Die 1984 in der DDR geborene Künstlerin empfindet mit Witz den Salon von Hitlers Berghof über Berchtesgaden nach: mit akkurat arrangierten Sitzmöbel-Ensembles voll absurder Details. Die meisten der kleinbürgerlich oder industriell-rustikal wirkenden Stücke stammen aus den 70er- oder 80er-Jahren, aber für das Lentos hat sie diese um eine Wiege aus 1941 ergänzt: „Für Volk und Vaterland“ steht in Fraktur darauf.
Hitlers Alpen glühen
Abgeschlossen wird das Bühnenbild von typisch postmodernen Regalen und Glasschränken mit vielen Zacken. Diese „Skyline“ symbolisiert das Panorama vom Berghof aus – inklusive des Hohen Gölls. Just dieses Massiv (bei Alpenglühen) entdeckt man an der Wand rechts neben dem Eingang. Hier präsentieren die Kuratorinnen neben Fakten über den Kunstraub und das Führermuseum jene Werke, die aus dem Ausland nach Altaussee in Sicherheit gebracht wurden, darunter 70 Gemälde der Münchner Galerie Schack. Diese war berühmt für einst verkannte, von Hitler verehrte Künstler wie Carl Rottmann, der den Hohen Göll gemalt hatte.

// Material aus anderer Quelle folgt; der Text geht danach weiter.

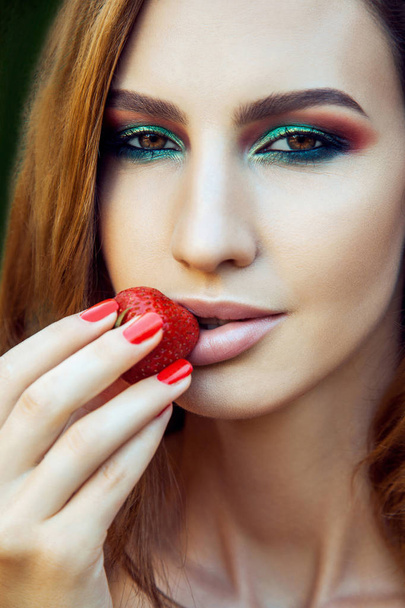 Young beautiful happy funny girl with red dress and makeup holding strawberry in summertime in the park. healthy lifestyle, diet beauty and happiness concept. - Fotó, kép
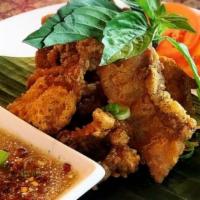 Crispy Pork Belly (8) · Deep fried pork belly marinated with Thai seasoning with roasted rice powder 
lime chili dip...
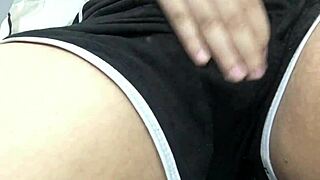 Asian babe masturbates after work.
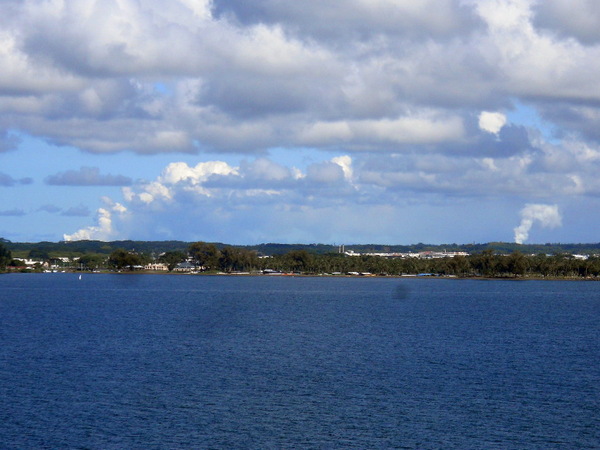 looking at smoke rising from the lava flow across Hilo Bay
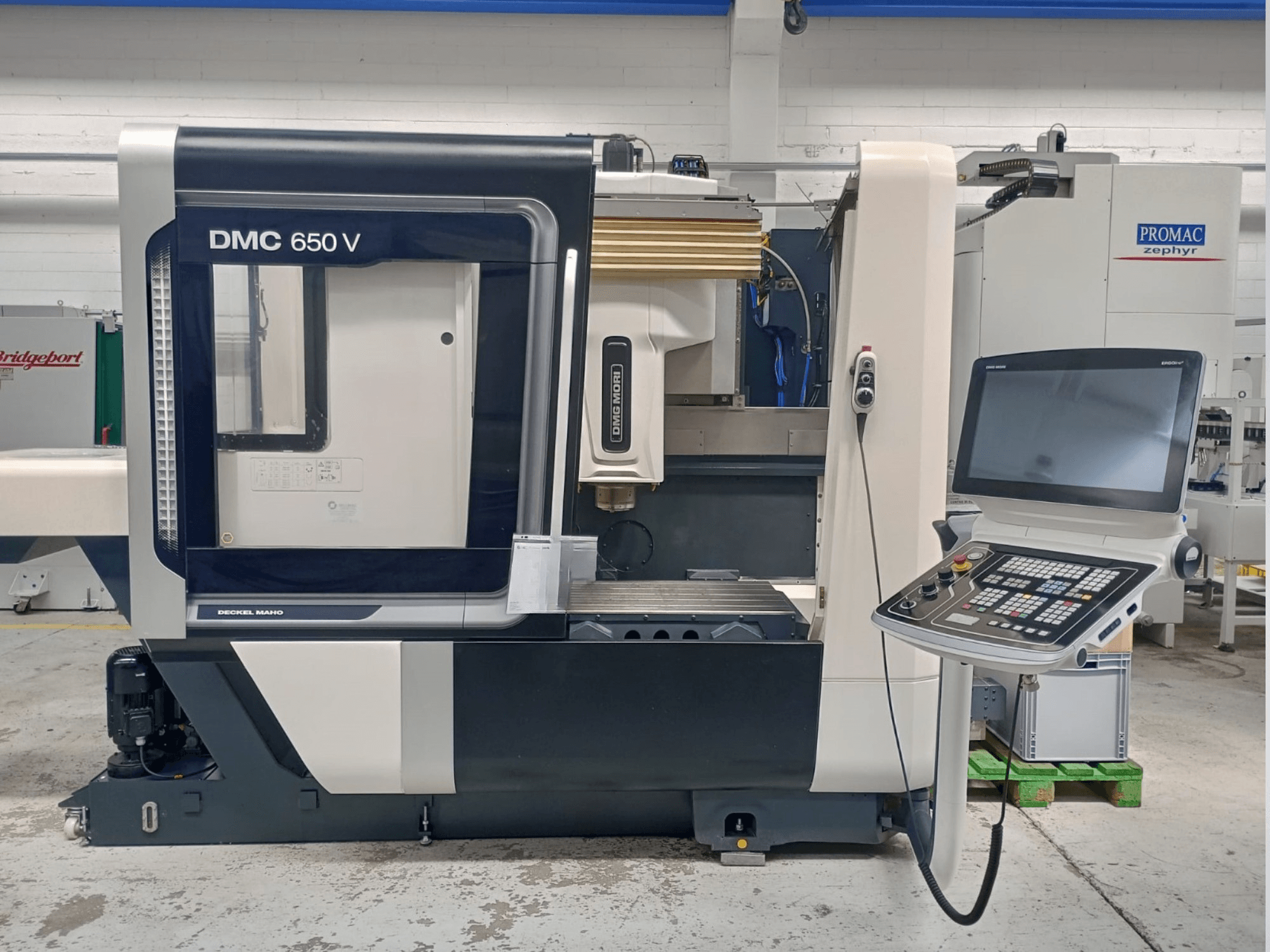 Decker Maho DMC 650 V CNC-Maschine in der Seitenansicht, mit einem Bedienfeld mit Tasten und einem Bildschirm, in einer industriellen Umgebung.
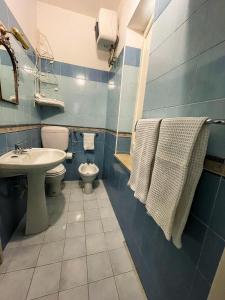 a bathroom with a toilet and a sink with towels at casa delle rose in Isola delle Femmine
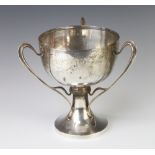An Arts and Crafts style 3 handled trophy cup, Sheffield 1910, 867 grams, 12cm There are minor dents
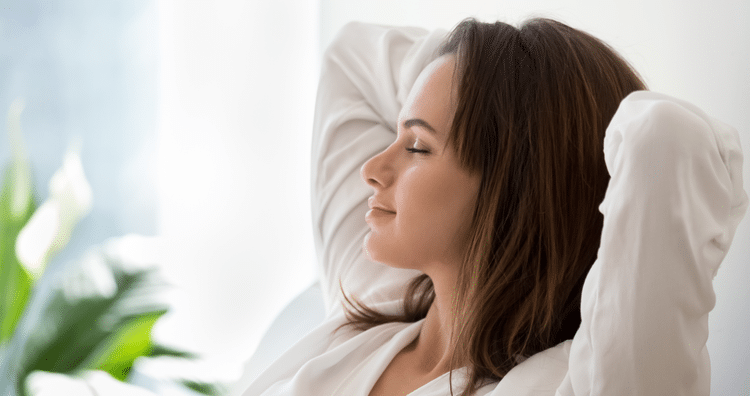 Woman relaxing with her arms behind her head and eyes closed, sitting in a sunny room.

Bei einigen der ausgestellten Werke ist die Provenienz nicht lückenlos erforscht: Sie könnten durchaus restitutionswürdig sein. Dies gilt auch für das Hans-Markart-Stillleben mit Violine (von Johann Strauß) aus 1876, das dem österreichischen, nach Paris emigrierten Galeristen Hugo Engel gehört hatte. Es befindet sich seit 1986 unter der Obhut des Musée d’Orsay. Es wäre durchaus im Sinn der Kuratorinnen, wenn ihre penibel aufbereitete Schau zur Klärung beitragen könnte – etwa bei den Großformaten an der Schmalseite, die erstaunlicherweise niemandem abgehen. Sie waren, fürs Führermuseum bestimmt, in Kremsmünster untergebracht, mussten aber wegen Bombengefahr evakuiert werden.
Fünf Meter Schnee
Weil sie nicht in die engen Stollen passten, kamen sie zunächst nach Thürnthal bei Fels am Wagram. Im Februar 1945 sollten sie nach Aussee verbracht werden. Wegen der starken Schneefälle war der Pötschenpass unpassierbar, daher stellte man die insgesamt 17 Großformate im Festsaal des Gasthauses Petter in St. Agatha bei Bad Goisern ein. Und man vergaß auf sie. Erst 1947 beschwerte sich der Wirt: Er brauche den Saal nun wieder selbst für Feiern.
Die Ölschinken standen dann in Linz „zur Rückstellung bereit“. Weil der „Collecting Point“ jedoch aufgelöst wurde, verblieben sie am Landesmuseum und wurden in den 1960ern inventarisiert. Bisher konnte man nur ein Gemälde restituieren.
Spannend ist auch die Geschichte vom Geheimtransport der Wiener Schätze von den Notlagern Gaming und Steinbach mit dem Zug nach Ischl und von dort bei fünf Metern Schnee mit dem Ochsenkarren in den Lauffener Franz-Josef-Erbstollen.
Die Museen hatten ihre Kunstwerke in drei Kategorien eingeteilt, nur die A-Qualität wurde gerettet. Die Gemäldegalerie der Akademie der bildenden Künste misstraute der Sache allerdings – und degradierte viele A-Werke zu C. Das war – retrospektiv – keine gute Idee gewesen: Eine Bombe schlug in das Gebäude am Schillerplatz ein und vernichtete 650 Kunstwerke. Die anderen Museen hingegen hatten (fast) keine Verluste zu beklagen: Die Bergungen waren letztlich sinnvoll. Bis 8. 9., toller Katalog.